Law Society shares ‘huge concerns’ over new asylum bill
The Law Society of Scotland has said it has “huge concerns” about controversial UK government plans to deport asylum seekers who arrive irregularly and exclude them from modern slavery and human rights protections.
Home Secretary Suella Braverman KC last week introduced her Illegal Migration Bill, which provides that anyone who enters the UK illegally and who has passed through a safe country will be legally required to be removed.
In introducing the bill, Ms Braverman said she had been unable to state whether the provisions of the bill were compatible with the European Convention on Human Rights, but stated that the UK government still wished the bill to proceed.
The Law Society said yesterday that pressing ahead with the legislation would potentially contravene UK law and the 1951 UN Refugee Convention.

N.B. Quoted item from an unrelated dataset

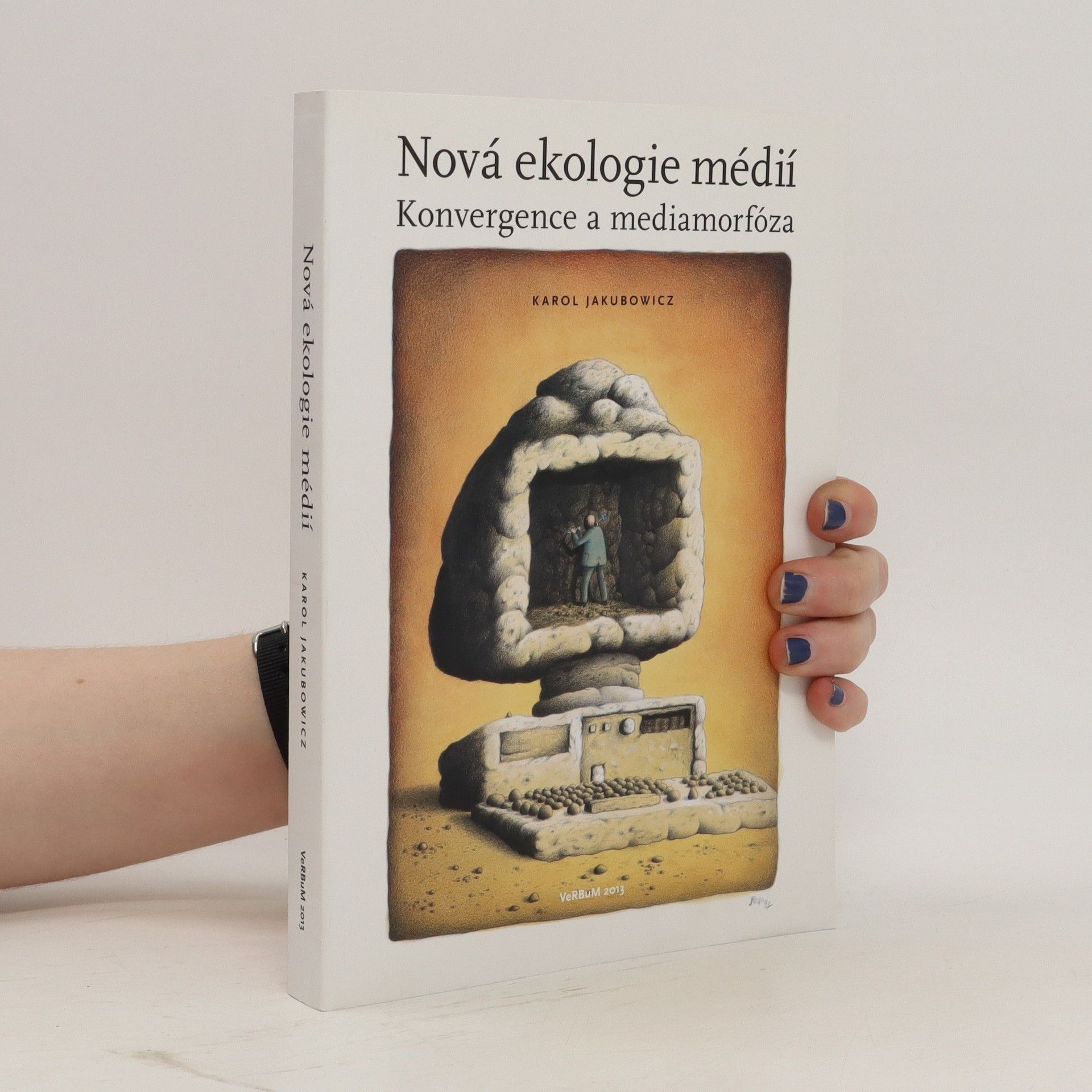Karol Jakubowicz Nová ekologie médií - Konvergence a mediamorfóza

Stuart McWilliams, convener of the Law Society’s Immigration and Asylum Committee, said: “We have huge concerns about aspects of this bill. And our concerns have been exacerbated by the very short period between the bill’s introduction and its second reading on Monday 13 March, less than a week later.
“Very little time has been allowed for it to be reviewed in its entirety and for the proper checks and balances which are an important part of the parliamentary process.

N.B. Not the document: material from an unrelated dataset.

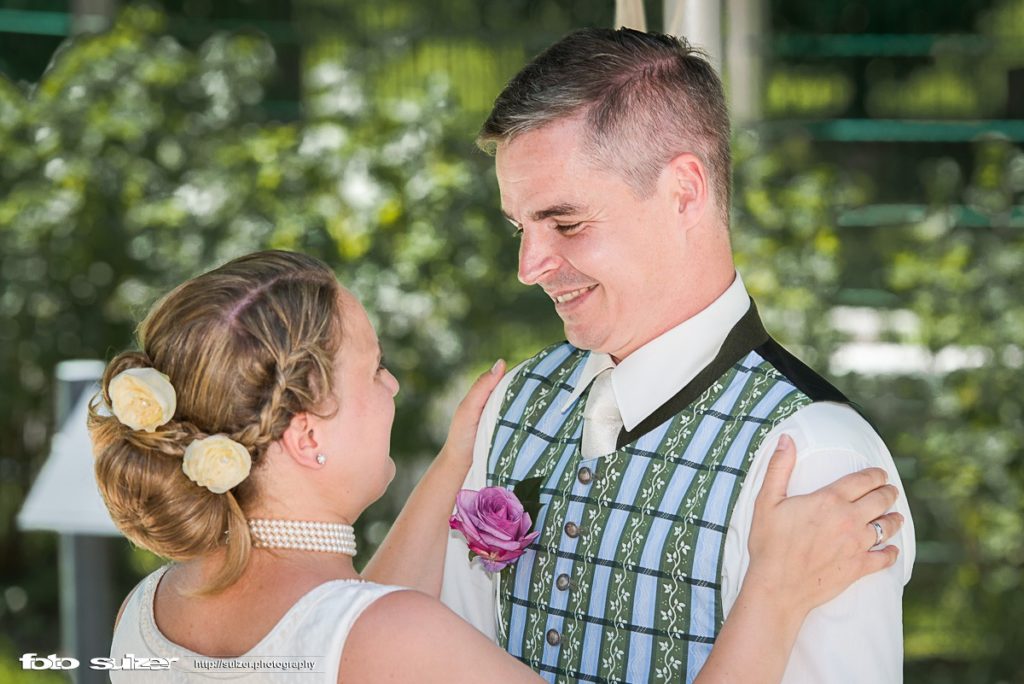 Schützenwirt St. Jakob Hochzeit im Freien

“It’s vital that the UK meets its international obligations and that our law is compatible with the ECHR.
“We are calling for the UK government to answer fundamental questions regarding the bill’s process, purpose and legality and demonstrate a firm commitment to the rule of law.”
The UN refugee agency, UNHCR, previously said the bill amounted to “an asylum ban” and would, in its current form, present “a clear breach of the Refugee Convention”.